[DATASET ENTRIES]
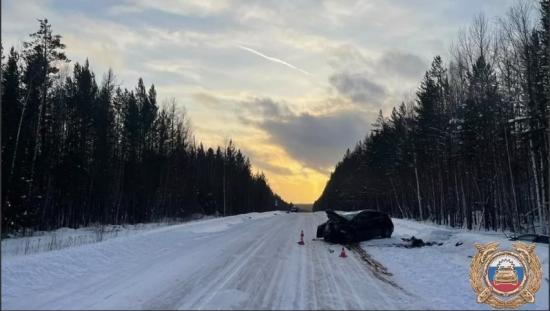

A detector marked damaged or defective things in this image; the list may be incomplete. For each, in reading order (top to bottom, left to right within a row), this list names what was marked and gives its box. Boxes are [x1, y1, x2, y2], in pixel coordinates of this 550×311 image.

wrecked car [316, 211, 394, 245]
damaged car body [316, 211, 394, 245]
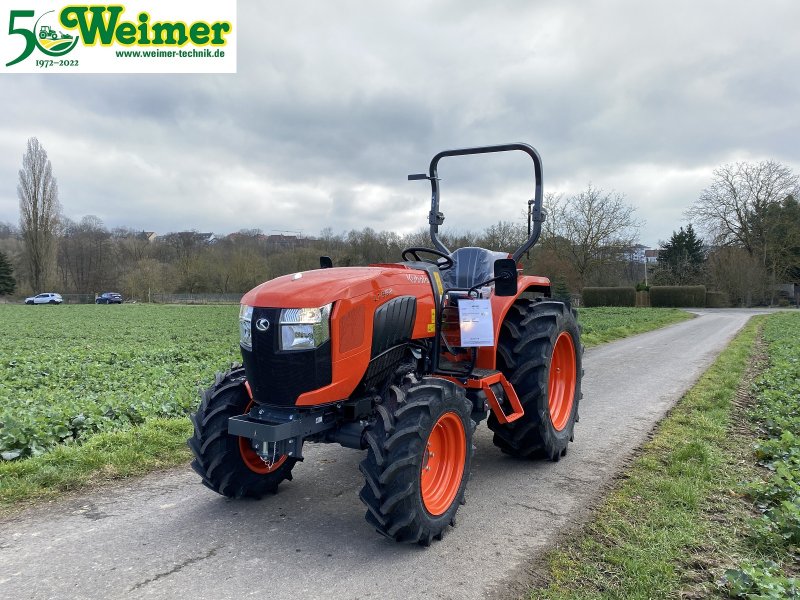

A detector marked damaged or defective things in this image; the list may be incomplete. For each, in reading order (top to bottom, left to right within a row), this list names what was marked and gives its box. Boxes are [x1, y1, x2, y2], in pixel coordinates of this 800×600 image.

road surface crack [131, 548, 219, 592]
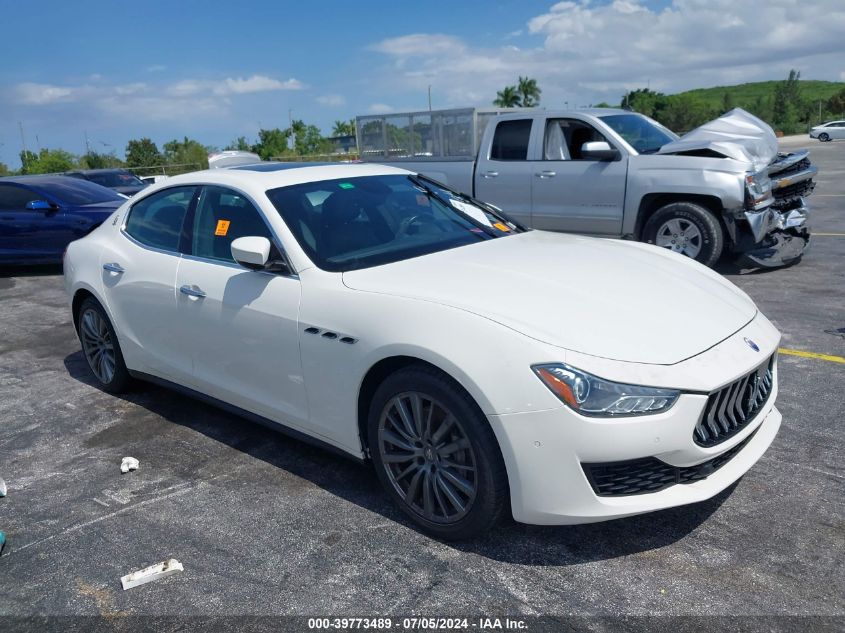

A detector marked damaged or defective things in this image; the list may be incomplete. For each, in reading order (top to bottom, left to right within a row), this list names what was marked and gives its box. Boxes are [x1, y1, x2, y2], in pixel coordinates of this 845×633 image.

[TASK ITEM]
The answer should be the complete listing, set down exactly, without pictures.

[YOUR SOLUTION]
A detector marked damaged or defective things in this image; the list may be incomplete. For each, in reading order (top to bottom, left to right within a row), this list names what was marked and gives its box. Boxes are [x1, y1, x2, y2], in pixel coordinates of this 550×311 image.

wrecked car [316, 211, 394, 245]
damaged car body [316, 211, 394, 245]

A detector marked damaged or defective things in this image; the list may be incomplete. For each, in reading order (top to bottom, left to right within a row), this list names what was marked and gives its box. Boxes are [x1, y1, x2, y2], in pixel coordinates of this 800×600 image.

road surface crack [131, 548, 219, 592]

A detector marked damaged or defective things in this image; the list may be incomplete. For each, in reading order (top to bottom, left to right within a row), this list names what was marked and gives its box. Boxes are [x1, y1, x2, y2], in pixel coordinates of this 845×633 image.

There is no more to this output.